Yoshi's Touch & Go does infact feature a 2 player multiplayer mode which is a race to the finish through a Yoshi scrolling section. The idea is not only to try and make it to the end of the 1000m race, but to also disrupt your opponent as much as possible. By hitting three or more enemies or coins in a single shot, extra obstacles will be sent to your opponent’s level much like how garbage blocks would be sent to the other player in Tetris. Control is all on the bottom screen while your opponent’s actions are shown on the top screen. Sadly, multiplayer is rather limited, and with just the single mode to play you'll tire of it quickly. Considering it all works perfectly with just one copy of the game it's certainly a positive addition to the game, but I can't help wishing there was more to it, be it more modes or some specially designed 2player mini games.

Graphically the game is solid. The clean and colourful 2D sprites come alive with the fluid animation. The style of the game is reminiscent of the SNES classic Yoshi's Island and alot of the enemies sprites have been reused from it, which is certainly no bad thing as that's still one of the best looking 2D games around. The backgrounds are splendid with the night skies gradually turning into dawn or the afternoon sunshine slowly becoming dusk. Initially the areas seem rather samey, but as you get better you get much further into each mode and you'll soon come across muddy jungles, creepy caves and all the other kinds of environments you'd expect from Nintendo. The music also shares alot with the SNES title, which again is no bad thing by any means. Upon switching the game on you're welcomed with the wonderful Yoshi's Island opening them music, while the Yoshi sections are filled with favourite tunes from the past.
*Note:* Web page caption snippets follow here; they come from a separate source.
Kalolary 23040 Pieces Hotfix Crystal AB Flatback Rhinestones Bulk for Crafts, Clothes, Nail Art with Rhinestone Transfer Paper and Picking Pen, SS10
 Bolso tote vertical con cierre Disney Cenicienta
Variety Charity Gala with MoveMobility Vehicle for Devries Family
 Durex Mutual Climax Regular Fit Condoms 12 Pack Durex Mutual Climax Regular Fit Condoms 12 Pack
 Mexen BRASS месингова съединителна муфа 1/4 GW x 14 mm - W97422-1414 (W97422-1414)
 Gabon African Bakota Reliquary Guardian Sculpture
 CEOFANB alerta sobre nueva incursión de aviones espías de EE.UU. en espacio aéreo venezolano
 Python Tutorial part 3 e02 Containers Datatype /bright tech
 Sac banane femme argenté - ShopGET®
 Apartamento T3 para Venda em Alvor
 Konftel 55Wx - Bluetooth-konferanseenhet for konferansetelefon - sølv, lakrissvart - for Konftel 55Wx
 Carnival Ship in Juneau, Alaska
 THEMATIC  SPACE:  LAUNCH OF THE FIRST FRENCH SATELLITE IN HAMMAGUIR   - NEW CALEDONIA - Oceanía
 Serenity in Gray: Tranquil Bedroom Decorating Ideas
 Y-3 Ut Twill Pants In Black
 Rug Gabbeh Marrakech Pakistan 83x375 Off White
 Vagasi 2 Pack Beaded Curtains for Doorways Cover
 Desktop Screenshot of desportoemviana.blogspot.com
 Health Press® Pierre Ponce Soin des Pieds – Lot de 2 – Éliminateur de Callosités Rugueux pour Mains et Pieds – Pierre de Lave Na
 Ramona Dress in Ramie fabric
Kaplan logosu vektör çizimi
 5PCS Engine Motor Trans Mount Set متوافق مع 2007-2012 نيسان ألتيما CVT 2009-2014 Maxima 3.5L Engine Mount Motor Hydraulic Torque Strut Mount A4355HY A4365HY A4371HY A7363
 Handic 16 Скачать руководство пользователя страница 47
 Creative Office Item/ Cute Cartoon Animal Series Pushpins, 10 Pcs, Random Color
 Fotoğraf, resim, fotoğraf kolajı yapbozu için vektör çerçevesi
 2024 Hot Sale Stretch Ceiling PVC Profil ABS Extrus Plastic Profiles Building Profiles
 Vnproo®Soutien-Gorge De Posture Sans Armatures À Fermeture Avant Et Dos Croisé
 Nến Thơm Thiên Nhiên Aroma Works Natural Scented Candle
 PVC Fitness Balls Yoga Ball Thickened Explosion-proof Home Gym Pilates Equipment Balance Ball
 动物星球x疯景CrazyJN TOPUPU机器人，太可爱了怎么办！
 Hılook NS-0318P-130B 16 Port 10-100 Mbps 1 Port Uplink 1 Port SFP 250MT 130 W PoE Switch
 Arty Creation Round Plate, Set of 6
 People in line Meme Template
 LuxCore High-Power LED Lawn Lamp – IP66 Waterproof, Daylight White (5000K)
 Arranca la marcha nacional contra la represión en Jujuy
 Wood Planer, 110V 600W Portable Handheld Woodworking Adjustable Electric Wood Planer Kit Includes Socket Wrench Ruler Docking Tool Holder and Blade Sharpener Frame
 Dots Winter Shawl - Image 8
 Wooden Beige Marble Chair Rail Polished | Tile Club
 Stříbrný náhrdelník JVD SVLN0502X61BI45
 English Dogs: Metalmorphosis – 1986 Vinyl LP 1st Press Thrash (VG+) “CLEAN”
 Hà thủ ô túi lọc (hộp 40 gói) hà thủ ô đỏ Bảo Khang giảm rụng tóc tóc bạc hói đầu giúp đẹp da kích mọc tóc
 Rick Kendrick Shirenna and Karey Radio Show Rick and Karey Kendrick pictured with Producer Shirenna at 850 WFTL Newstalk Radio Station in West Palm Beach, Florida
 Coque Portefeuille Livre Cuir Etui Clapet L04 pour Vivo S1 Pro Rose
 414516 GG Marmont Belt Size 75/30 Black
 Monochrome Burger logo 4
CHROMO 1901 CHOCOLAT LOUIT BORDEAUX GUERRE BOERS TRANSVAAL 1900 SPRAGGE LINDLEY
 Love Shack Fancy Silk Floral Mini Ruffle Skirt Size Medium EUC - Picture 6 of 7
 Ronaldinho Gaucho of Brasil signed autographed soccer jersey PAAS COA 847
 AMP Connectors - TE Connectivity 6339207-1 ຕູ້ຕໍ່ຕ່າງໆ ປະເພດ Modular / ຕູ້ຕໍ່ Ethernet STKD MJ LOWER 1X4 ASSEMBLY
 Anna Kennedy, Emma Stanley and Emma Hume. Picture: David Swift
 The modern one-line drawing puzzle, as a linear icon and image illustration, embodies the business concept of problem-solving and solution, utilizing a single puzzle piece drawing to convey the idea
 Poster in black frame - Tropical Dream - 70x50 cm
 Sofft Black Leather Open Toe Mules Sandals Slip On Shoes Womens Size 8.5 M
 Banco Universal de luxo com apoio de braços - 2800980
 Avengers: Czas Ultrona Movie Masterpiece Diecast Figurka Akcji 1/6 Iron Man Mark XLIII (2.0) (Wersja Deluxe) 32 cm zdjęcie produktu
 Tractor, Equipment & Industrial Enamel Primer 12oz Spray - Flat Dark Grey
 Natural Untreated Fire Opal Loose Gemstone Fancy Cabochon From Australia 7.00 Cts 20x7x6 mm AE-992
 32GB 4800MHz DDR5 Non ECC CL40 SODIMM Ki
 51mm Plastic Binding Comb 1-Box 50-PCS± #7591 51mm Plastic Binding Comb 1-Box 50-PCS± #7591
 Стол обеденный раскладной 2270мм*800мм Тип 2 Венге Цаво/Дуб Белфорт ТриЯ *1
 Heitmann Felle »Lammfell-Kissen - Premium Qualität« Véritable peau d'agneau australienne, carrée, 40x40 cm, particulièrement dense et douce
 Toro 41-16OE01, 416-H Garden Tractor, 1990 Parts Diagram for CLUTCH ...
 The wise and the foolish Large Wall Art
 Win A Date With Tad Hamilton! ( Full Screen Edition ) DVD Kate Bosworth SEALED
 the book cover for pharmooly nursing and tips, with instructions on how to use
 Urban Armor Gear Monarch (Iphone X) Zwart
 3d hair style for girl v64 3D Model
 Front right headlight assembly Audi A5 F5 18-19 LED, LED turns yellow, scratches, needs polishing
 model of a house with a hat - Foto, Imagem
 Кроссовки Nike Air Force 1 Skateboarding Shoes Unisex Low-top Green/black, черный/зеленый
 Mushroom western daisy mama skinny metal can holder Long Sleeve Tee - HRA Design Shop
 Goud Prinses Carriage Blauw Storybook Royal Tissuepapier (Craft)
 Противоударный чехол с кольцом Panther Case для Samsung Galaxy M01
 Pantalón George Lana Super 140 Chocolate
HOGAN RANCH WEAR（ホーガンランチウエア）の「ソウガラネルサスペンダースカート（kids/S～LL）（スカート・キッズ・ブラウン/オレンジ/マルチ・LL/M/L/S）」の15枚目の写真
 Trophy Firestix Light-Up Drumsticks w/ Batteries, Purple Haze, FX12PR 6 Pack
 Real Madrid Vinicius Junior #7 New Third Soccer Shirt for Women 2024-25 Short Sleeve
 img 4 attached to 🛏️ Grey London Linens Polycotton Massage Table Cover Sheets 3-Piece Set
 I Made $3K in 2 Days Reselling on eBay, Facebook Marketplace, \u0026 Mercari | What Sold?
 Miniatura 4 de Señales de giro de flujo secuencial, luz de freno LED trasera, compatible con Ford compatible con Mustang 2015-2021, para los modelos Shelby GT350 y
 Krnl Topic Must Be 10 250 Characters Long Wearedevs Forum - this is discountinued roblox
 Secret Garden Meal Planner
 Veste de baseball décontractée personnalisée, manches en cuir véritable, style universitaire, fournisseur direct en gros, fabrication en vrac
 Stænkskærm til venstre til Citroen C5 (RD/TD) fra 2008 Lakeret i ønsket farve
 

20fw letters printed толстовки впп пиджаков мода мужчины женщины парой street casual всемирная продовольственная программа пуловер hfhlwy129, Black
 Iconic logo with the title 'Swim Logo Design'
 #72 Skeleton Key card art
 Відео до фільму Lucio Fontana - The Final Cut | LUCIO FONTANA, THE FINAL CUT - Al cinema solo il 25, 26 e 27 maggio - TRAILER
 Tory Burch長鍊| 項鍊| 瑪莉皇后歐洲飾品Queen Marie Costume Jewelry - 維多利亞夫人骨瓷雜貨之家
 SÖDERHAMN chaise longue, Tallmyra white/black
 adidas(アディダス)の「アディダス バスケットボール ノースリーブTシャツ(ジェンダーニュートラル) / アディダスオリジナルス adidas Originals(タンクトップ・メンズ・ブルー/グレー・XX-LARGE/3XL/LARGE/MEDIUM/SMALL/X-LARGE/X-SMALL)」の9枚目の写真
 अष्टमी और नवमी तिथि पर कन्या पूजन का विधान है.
The game features some new music too, with the Baby Mario section being accompanied a relaxing, dreamy tune you'd to get when seeing a baby floating slowly to the ground with the aid of balloons. The sound effects all fit according with Yoshi making all the usual grunts and squeaks he's used since the not-so-classic N64 game, Yoshi's Story.

The hardest part of Yoshi's Touch & Go to assess is its lifespan. While the game isn't a platformer so technically doesn't have an end like platformers do, how much does beating a score keep you coming back? Well, that's almost entirely dependant on the individual player. If you have a friend to compete with, or even form an online scoreboard within a message board forum, Yoshi's Touch & Go becomes a highly addictive game. As I said earlier, it's one of those games where the better you get the better the game gets - having competition is a key part of this. For those without a goal, there's little reason to keep playing it other than for pure enjoyment, and that's where the only real fault with the game lies. While there are 4 modes play (plus one hidden Balloon Pop mini game), they're not radically different from each other to keep a single player interested in the long term.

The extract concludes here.